2026年現在、ChatGPTをはじめとする生成AI(人工知能)は、大企業だけでなく中小企業においても日常業務に不可欠なツールとなりつつあります。文章の作成、企画のアイデア出し、議事録の要約、プログラミングの補助など、業務効率化に劇的な効果をもたらす一方で、「社内ルールが全くないまま、従業員が個人の判断で使っている」という企業も少なくありません。
しかし、無制限なAI利用は、著作権侵害や情報漏洩といった企業運営を揺るがす重大な法的リスクを孕んでいます。今回は、生成AIを安全かつ効果的に活用するために中小企業が策定すべき「AI利用ガイドライン」のポイントについて解説します。
1. 生成AI利用に潜む「機密情報漏洩」と「著作権侵害」のリスク
生成AIの業務利用において、企業が直面する法的リスクは大きく「入力時」と「出力時」の2つに分けられます。
● 【入力時のリスク:機密情報・個人情報の漏洩】 AIに指示を出す際(プロンプト入力時)、自社の機密情報や、取引先から預かった非公開データ、顧客の個人情報などを入力してしまう危険性があります。一部の無料AIサービスでは、入力したデータが「AIの学習データ」として利用される設定になっていることがあり、意図せず世界中に自社の機密情報を公開してしまうことになりかねません。これは、取引先との秘密保持契約(NDA)違反や個人情報保護法違反に直結し、巨額の損害賠償を請求される事態に発展します。
● 【出力時のリスク:著作権・商標権の侵害】 AIが生成した文章や画像が、第三者の既存の著作物に酷似しているケースがあります。生成されたコンテンツを十分な確認を行わずに、そのまま自社のウェブサイトや広告、商品パッケージに商用利用した場合、著作権法違反となるリスクが高まります。「AIが勝手に作ったものだから知らなかった」という言い訳は法的には通用せず、最終的に公開・利用した企業の責任が問われます。

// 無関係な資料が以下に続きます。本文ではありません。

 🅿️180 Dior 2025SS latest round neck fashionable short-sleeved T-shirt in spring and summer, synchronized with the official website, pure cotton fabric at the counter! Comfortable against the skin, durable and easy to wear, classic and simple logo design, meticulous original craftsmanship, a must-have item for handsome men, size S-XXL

2. 中小企業が策定すべき「社内AI利用ガイドライン」の必須項目
これらのリスクを防ぐためには、口頭での注意喚起にとどまらず、明文化された「AI利用ガイドライン」を策定し、全従業員に周知徹底することが不可欠です。ガイドラインには最低限、以下の項目を盛り込むべきです。
1. 利用可能なAIツールの指定
会社として安全性を確認した(入力データが学習に利用されないオプトアウト設定が可能な)法人向けAIツールなどを指定し、許可のない無料ツールの業務利用(シャドーIT)を明確に禁じます。
2. 入力禁止情報の定義
顧客の個人情報、未公開の財務情報、社外秘の事業計画、取引先の秘密情報など、「AIに入力してはいけないデータ」を具体的に列挙し、線引きを明確にします。
3. 生成物の事実確認(ハルシネーション対策)の義務化
AIは時として「もっともらしい嘘(ハルシネーション)」を出力します。生成された情報を鵜呑みにせず、必ず人間が一次情報や根拠を確認する義務を定めます。
4. 権利侵害チェックの徹底
生成物を外部に公開する際は、既存の著作物や商標と類似していないか、検索エンジン等を用いて確認するプロセスをルール化します。

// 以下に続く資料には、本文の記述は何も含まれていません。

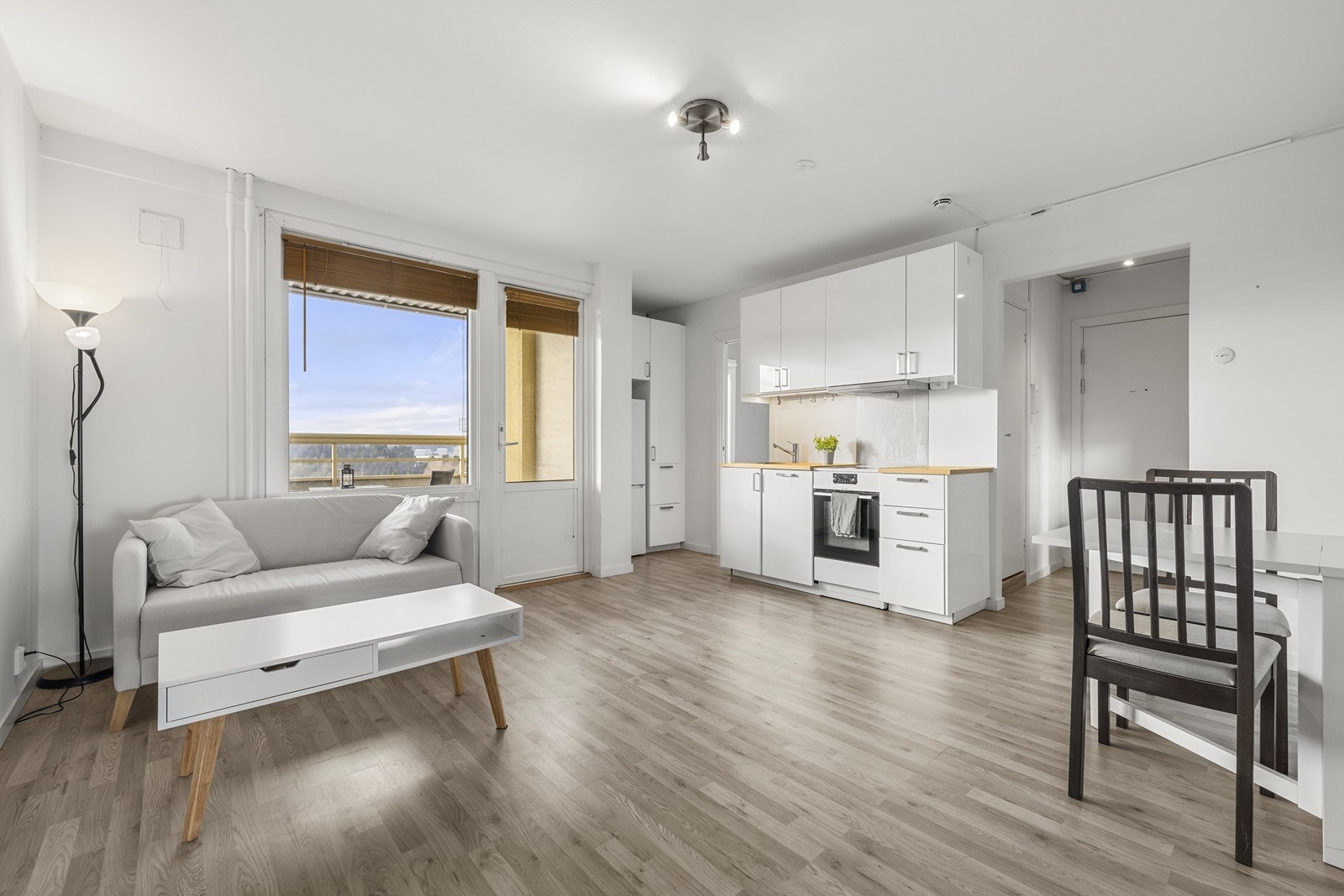 Stuen varmes opp av en original radiator tilknyttet anlegget for vannbåren varme. Galleribilde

3. 取引先からの信頼を失わないための「契約上の配慮」
社内ルールだけでなく、社外(取引先や外注先)との関係においても生成AIの取り扱いは非常に重要です。
例えば、フリーランスや外部企業との業務委託契約において、「納品物の作成に生成AIを使用する場合の事前承認」や「AI生成物に起因する権利侵害が発生した際の責任の所在」を明確に定めておく必要があります。
自社が発注側の場合、外注先が無断でAIを使用し、他社の著作権を侵害した成果物を納品してくるリスクを防ぐためです。逆に自社が受注側の場合も、AIを活用して業務を行うことについて顧客から事前に契約上了承を得ておくことで、後々のクレームやトラブルを未然に防ぐことができます。
まとめ:AIの導入する前に、法務の観点でチェックを
生成AIは中小企業の生産性を飛躍的に高める強力なツールですが、トラブルなく安全に使いこなすには、法的なルールの整備が必要不可欠です。ルールのないままの放置は、企業にとっても危険な状態と言えます。